Metroactive's Cinequest reviews, sorted alphabetically by movie title


Cinequest takes place Jan. 30­Feb. 5 at the UA Pavilion and Camera 3 in San Jose. Tickets available through BASS.

Afro Promo
Feb. 4, 9:30pm, UA
A selection of coming-attraction reels assembled by archivists Jenni Olson and Karl Bruce Knapper provides a crash course in images of African Americans in mainstream movies. The trailers progress from Uncle Remus to the staid Sidney Portier, introduced in previews that always reassured whites by showing off a film's awards ("This isn't a mere movie, this is going to church"), to the berserk era of vintage blaxploitation--cheer once again for William Marshall, the most organ-voiced vampire ever to wear fangs, in Blacula. There are lots of discoveries here even for people who though they knew their '70s exploitation. One I'd never heard of was the Fred Williamson/D'Uberville Martin Western Boss Nigger, sort of a serious version of Blazing Saddles. (The ultimate white nightmare: a black sheriff hauling off a gray miscreant with the admonishment "That's two days in jail or a $20 fine for using the word 'nigger!'" Rush warned us this could happen, but we didn't listen.) (Richard von Busack)

Bitches
Feb. 3, 9:15pm; Feb. 4, 3:15pm; UA
Ildikó Szabó's take on love and war between the sexes focuses less on the women than on the jerks they put up with. Not that these shrews are angels: Eniko (Eniko Eszenyi) thrusts a phallic finger through her panties and marches around in army boots while her husband does the housework; Dorka (Dorottya Udvaros) gets falling-down drunk, tears off her clothes in public, vomits in her husband's hand and flaunts her youthful lover at her husband's bar; Barbara (Mariann Szalay) forces a confrontation between her alcoholic boyfriend (a philandering artist who paints "with my dick, not a brush") and the fiercely mustachioed leader of a (musical) band of Gypsies. Although a lot was apparently untranslatable in this often grim Hungarian import, it's peppered with wild and funny vignettes that make it easy to watch. For extra fun, try to guess the sex of the filmmaker. (Broos Campbell)

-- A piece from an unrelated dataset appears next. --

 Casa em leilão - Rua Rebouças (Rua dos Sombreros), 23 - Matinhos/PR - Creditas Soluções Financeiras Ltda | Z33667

Black to the Promised Land
Jan. 31, 5:15pm, UA; Feb. 1, 7:30pm, C3
A group of teenage African American students from New York's Bedford-Stuyvesant district travel to Israel. There they do agricultural work in exchange for room and board in accordance with the maxim "From each according to his abilities, to each according to his needs" (when the head of the kibbutz, or communal farm, explains this idea, he doesn't cite Karl Marx). At first, the dozen or so kids have a horrible time adjusting; to her vast humiliation, one of them actually ends up assigned to a cotton field ("Kunta Kinte is dead, but I'm here," she says disgustedly). But by the end of the trip, most have come to love the spirit of cooperation on the commune and respect themselves for the new strength they've found. Wholesome, yes, but as touching as it is subversive, and the documentary ends on a diminuendo. At the beginning, director Madeleine Ali polls the students, getting the opinion that Bed-Stuy's terrible reputation is due to the fact that strangers in the neighborhood have a hard time. After their travels, the students themselves are strangers of a sort. Their adjustment to the hopelessness back home makes the ending serious and poignant. (Richard von Busack)

Blue Mountain
It Takes Two: Melanie (Sabrina Luthi) and Sonia (Chandra Gotz) stick together in 'Blue Mountain.'

Blue Mountain
Feb. 1, 4:45pm; Feb. 3, 7:15pm; both at UA
In his feature directorial debut, Thomas Tanner has crafted a powerful story about the friendship forged between two young girls who are both struggling with some very real demons. Usually bright and motivated, Sonia begins failing at school and becomes increasingly despondent as she shoulders a destructive family secret. But she is heartened by the arrival of the vivacious Melanie, who, despite troubles of her own, becomes Sonia's champion. Inescapably, as the girls come to rely on each other for support and survival, the film takes on a hint of teenage Thelma & Louise, but Blue Mountain has a darker, more nightmarish aspect to it, in part because it focuses on two children who must ultimately act as adults to protect themselves. Tanner effectively reinforces this drama with a subtle but insistent use of the contrast between peaceful, pastoral outdoor scenes and staid, floorboard-creaking interiors. (Heather Zimmerman)

Changing Habits
Jan. 30, 6:30pm, UA
Director Lynn Roth's drama struggles with the inner conflict of its heroine, Soosh (Moira Kelly), a young woman who, after seeking shelter at the local convent, ends up confronting her disturbing past. The film attempts to explore issues of honesty--the truths and lies we tell ourselves and others--but doesn't always do so honestly, often shrinking back into predictable plot points and dialogue. Fortunately, when the characters stray from their generally too-coy patter, the appealing and genuine moments that result are worth the wait. Most intriguing are the scenes between Soosh and her estranged father (Christopher Lloyd in a dark but touching performance). Kelly's intuitive, thoughtful interpretation makes Soosh a consistently likable, sympathetic character even when she pulls off some relatively bratty--and dishonest--behavior. This opening-night feature will be preceded by Women Without Implants, and followed by a party with music (by Lady Bo) at Kismet Art Gallery. (Heather Zimmerman)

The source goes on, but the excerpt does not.